→ **INSTRUCTIONS FOR THE TASK**
When you return the data, keep every word exact and include none of the images.

***** RAW DATA *****

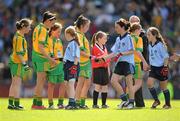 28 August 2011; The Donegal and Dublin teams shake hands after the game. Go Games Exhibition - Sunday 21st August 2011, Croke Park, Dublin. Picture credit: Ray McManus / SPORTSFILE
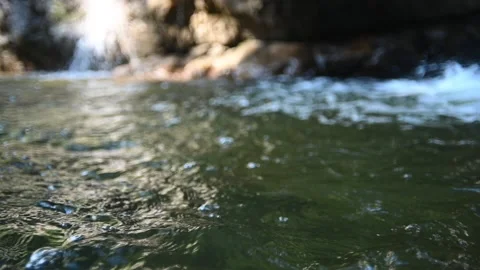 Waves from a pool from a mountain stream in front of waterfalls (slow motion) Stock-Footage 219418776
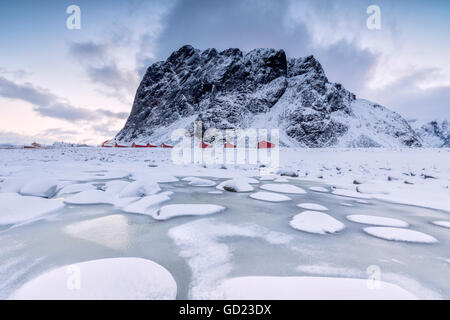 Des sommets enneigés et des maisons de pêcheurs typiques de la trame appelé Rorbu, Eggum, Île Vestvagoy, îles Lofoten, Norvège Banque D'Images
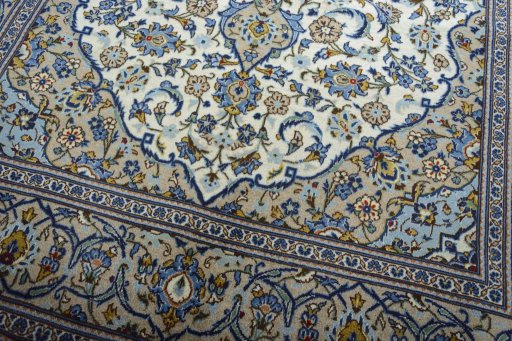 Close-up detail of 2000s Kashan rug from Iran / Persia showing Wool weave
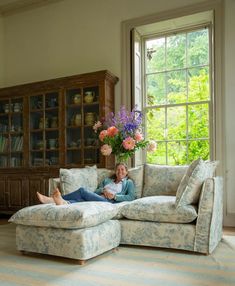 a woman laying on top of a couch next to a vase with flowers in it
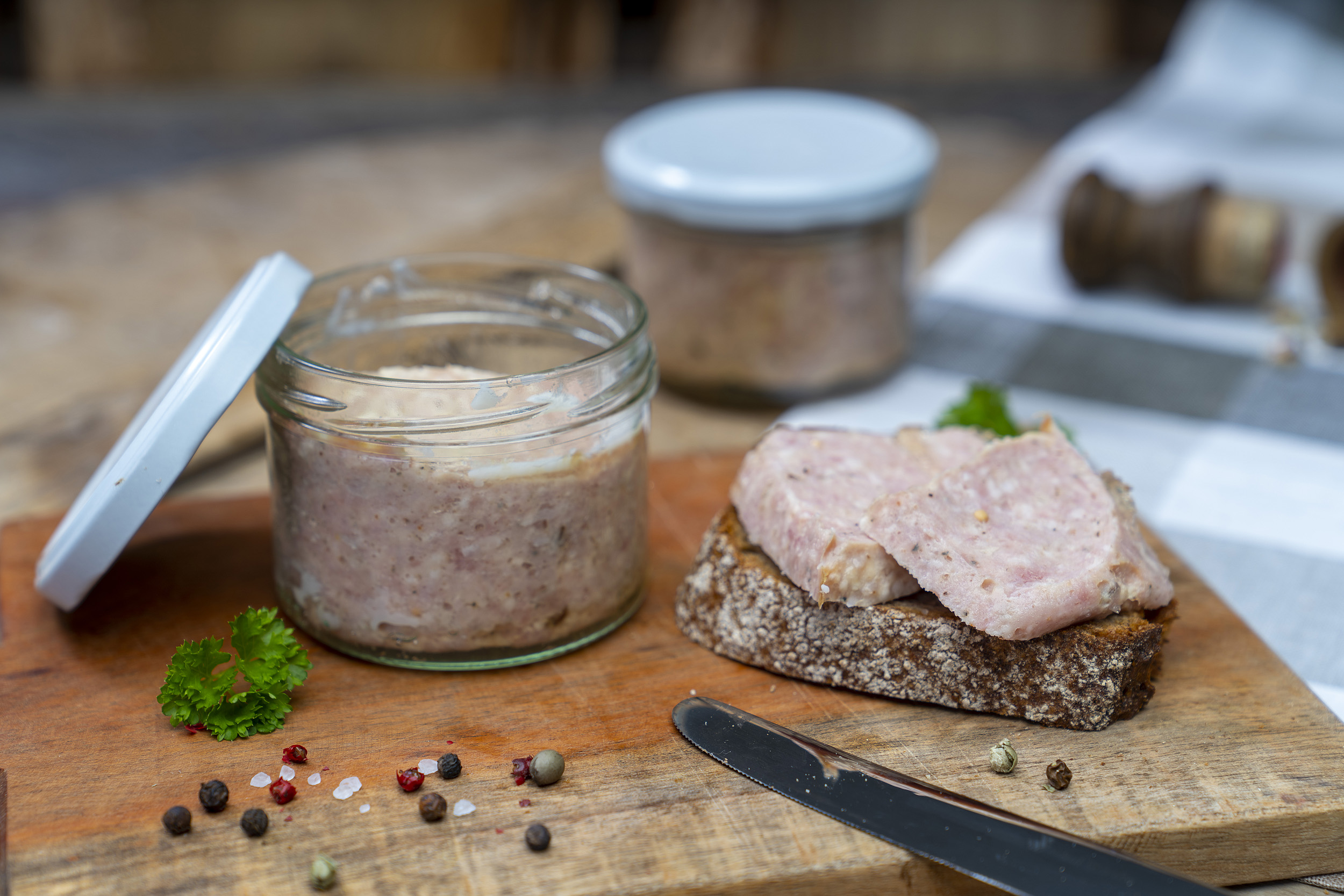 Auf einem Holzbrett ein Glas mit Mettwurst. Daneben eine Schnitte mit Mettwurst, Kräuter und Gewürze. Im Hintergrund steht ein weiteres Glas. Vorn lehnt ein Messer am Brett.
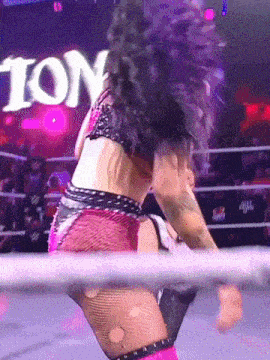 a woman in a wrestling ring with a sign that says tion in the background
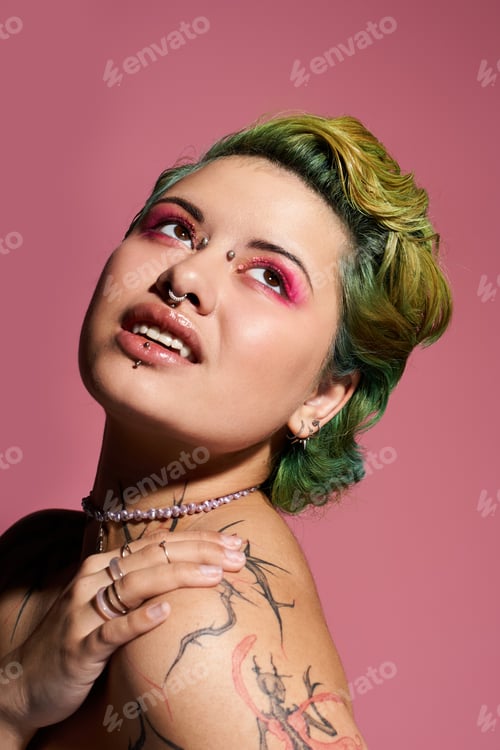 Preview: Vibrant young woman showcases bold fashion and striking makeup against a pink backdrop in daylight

*****

→ **YOUR SOLUTION**
 28 August 2011; The Donegal and Dublin teams shake hands after the game. Go Games Exhibition - Sunday 21st August 2011, Croke Park, Dublin. Picture credit: Ray McManus / SPORTSFILE
 Waves from a pool from a mountain stream in front of waterfalls (slow motion) Stock-Footage 219418776
 Des sommets enneigés et des maisons de pêcheurs typiques de la trame appelé Rorbu, Eggum, Île Vestvagoy, îles Lofoten, Norvège Banque D'Images
 Close-up detail of 2000s Kashan rug from Iran / Persia showing Wool weave
 a woman laying on top of a couch next to a vase with flowers in it
 Auf einem Holzbrett ein Glas mit Mettwurst. Daneben eine Schnitte mit Mettwurst, Kräuter und Gewürze. Im Hintergrund steht ein weiteres Glas. Vorn lehnt ein Messer am Brett.
 a woman in a wrestling ring with a sign that says tion in the background
 Preview: Vibrant young woman showcases bold fashion and striking makeup against a pink backdrop in daylight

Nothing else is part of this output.